A Memoir: Vietnam, GI Coffeehouses, COINTELPRO, Braceros, Strikes, Apartheid and Political Suppression within the Union

     At the end of the 1960’s, at the height of the anti-war movement era, I was part of a core of radical student activists and Viet Nam vets that ran a GI coffeehouse in Seaside next to Fort Ord.  When that project came to an end, a result of COINTELPRO type repression and changes in military policy, I stayed on working in Seaside.
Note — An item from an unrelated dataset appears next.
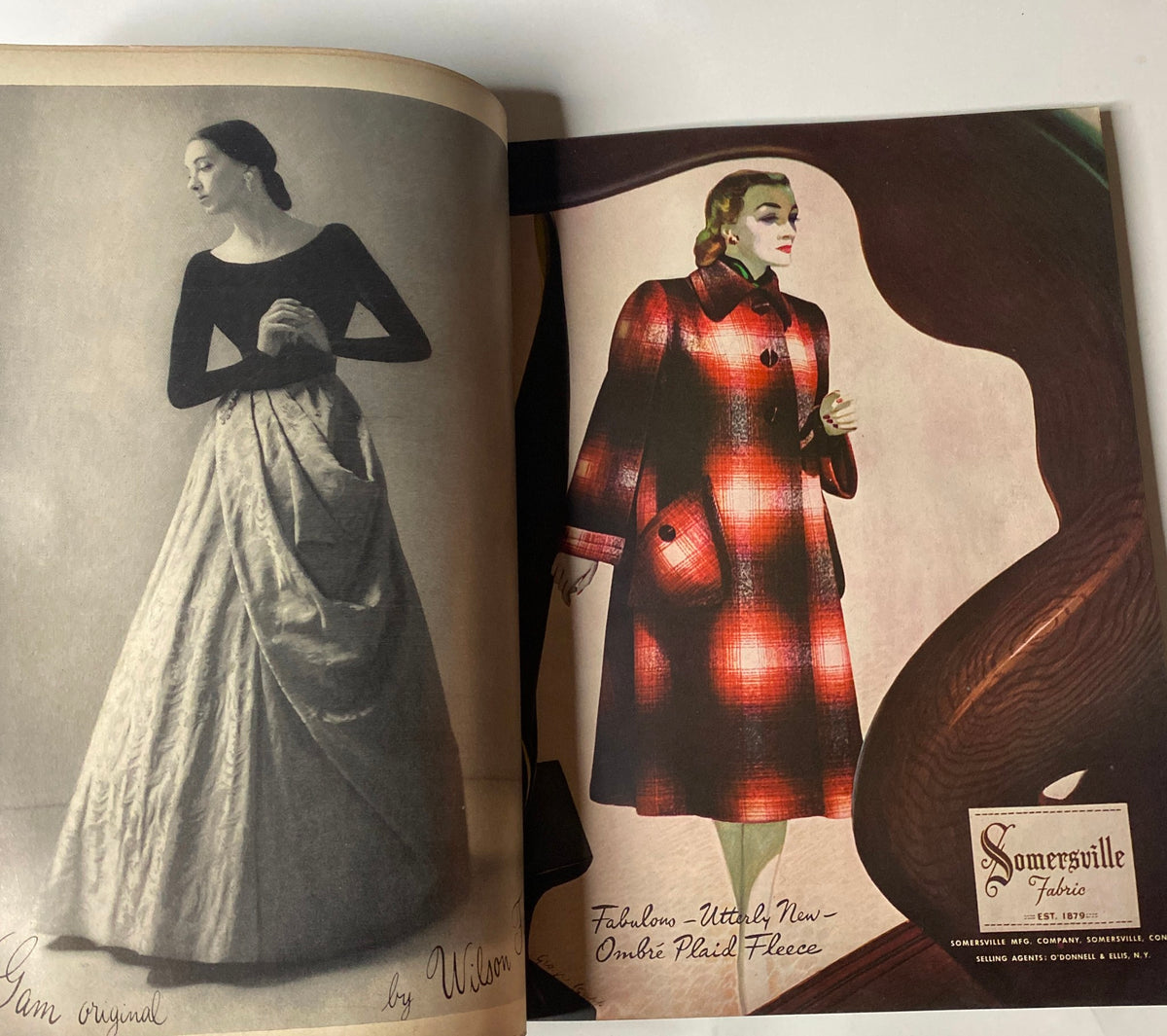 Fashion spread in Vogue Magazine September 15, 1947, showcasing elegant clothing designs by Wilhelmina and Somersville Studio, reflecting mid-century style.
Then, from the Spring of 1971 until the winter of 1979, I worked in the fields of nearby Salinas Valley and other parts of California and Arizona.  What began as a venture driven by curiosity and the need for a job turned into a decade of hard work, camaraderie, and political struggle.

I thinned and harvested broccoli, cauliflower, and lettuce.   I became a “lechuguero” working on a ground crew by piece rate.   For some of those years I followed the ‘corrida’, the seasonal movement of crops up and down California between Salinas and the borderlands of the Imperial Valley and Yuma.  I lived in the labor camps built in the bracero days and in Mexicali border hotels that housed workers during the winter crop.   I was a participant of the “Division del Norte” down from Salinas that sparked the strike in Coachella in 1973 to take on the anti-union onslaught in the grapes; I was a UFW “submarine” in Gallo’s vineyard near Livingston in 1973, and in Watsonville’s apple orchards in 1974.   I was in strikes, wildcats, walkouts and slowdowns waged to force growers to respect farm workers’ rights that the growers and contractors never ceased trying to undermine.  I was immersed in the world of the farm workers.   I was inspired their passion for justice, their hatred of oppression, and their humanity.

    I saw and lived from the standpoint of the fields a union struggle that rode the crest of a powerful upsurge.  I was witness and participant of a great movement that faced off against the growers, challenged the long years of oppression and shook the apartheid system of California agriculture to its core.

    I was embroiled in that struggle and another one that emerged, as the decade progressed, within the union itself.   I witnessed and was part of that internal struggle and became myself a target of suppression from a union leadership drifting to the right.   As the tide of social upheaval ebbed and pressures built to end struggle in the fields, the top UFW leadership abandoned its progressive vision and sought a place at the table of power.   What followed was the suppression of a rank and file movement that fought for a democratic voice and new direction within the union.  I became familiar with how internal repression against a core of rank and file leaders lead to disillusionment, disaffection, and finally, the virtual destruction of the union itself.

      I had begun to document what I’d observed in those tumultuous years in the fields some years ago.   But at the urging of friends and a nephew at Fordham, and my desire to grapple more deeply with what had gone on in those years, I began to put together this more complete account.  While it is my personal account, many people helped me, including many veteran farm workers and former activists who related their stories, filled gaps in my recollections and offered great encouragement.

     Lettuce Wars is part memoir, part history.  It is an effort to bring to life some of the workers and activists with whom I shared those years, as well as to place this struggle in the broader social and political context in which it emerged and unfolded.  It is an effort to reveal the mainsprings of a movement whose influence is still present today, 40 years later.   And, finally, it is an effort to reveal (in the Epilogue) some of what is going on in the fields today and what that might tell us about the limits of reform.